── Records to use

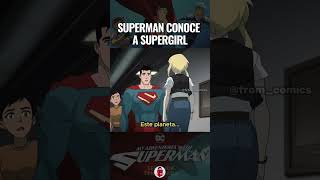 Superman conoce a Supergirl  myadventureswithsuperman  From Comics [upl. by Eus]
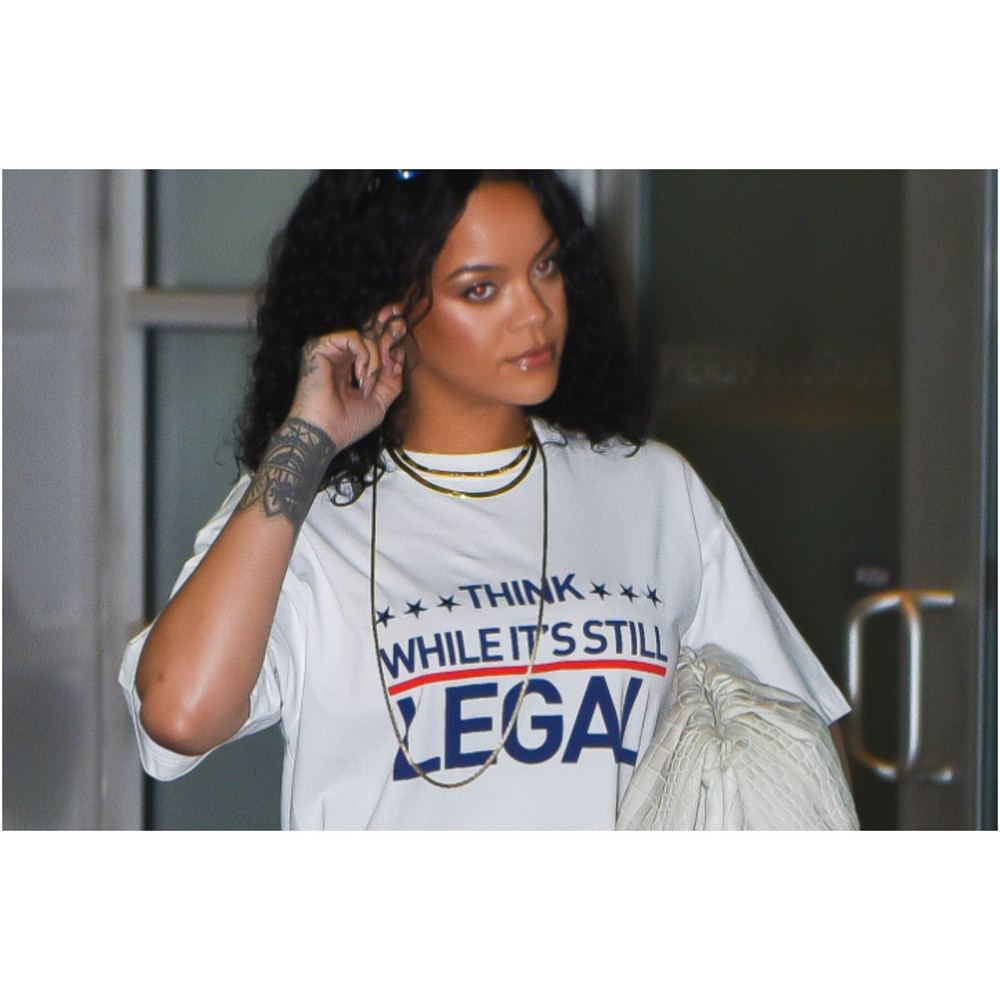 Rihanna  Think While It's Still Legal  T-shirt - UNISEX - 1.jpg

────
── Records to use

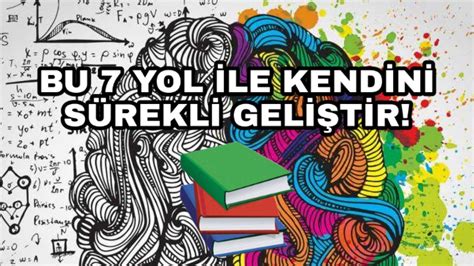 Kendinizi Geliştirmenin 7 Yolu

────
── Records to use

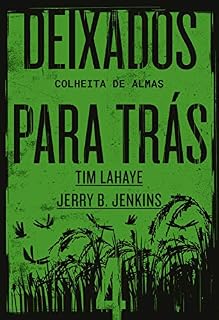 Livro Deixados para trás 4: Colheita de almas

────

→ Problem requirements
Write out, word for word, the stretch of entries that begins at the line with "Superman conoce a" and ends at the line with "UNISEX - 1.jpg". Pictures do not belong in it.

→ Solution for this exercise
 Superman conoce a Supergirl  myadventureswithsuperman  From Comics [upl. by Eus]
 Rihanna  Think While It's Still Legal  T-shirt - UNISEX - 1.jpg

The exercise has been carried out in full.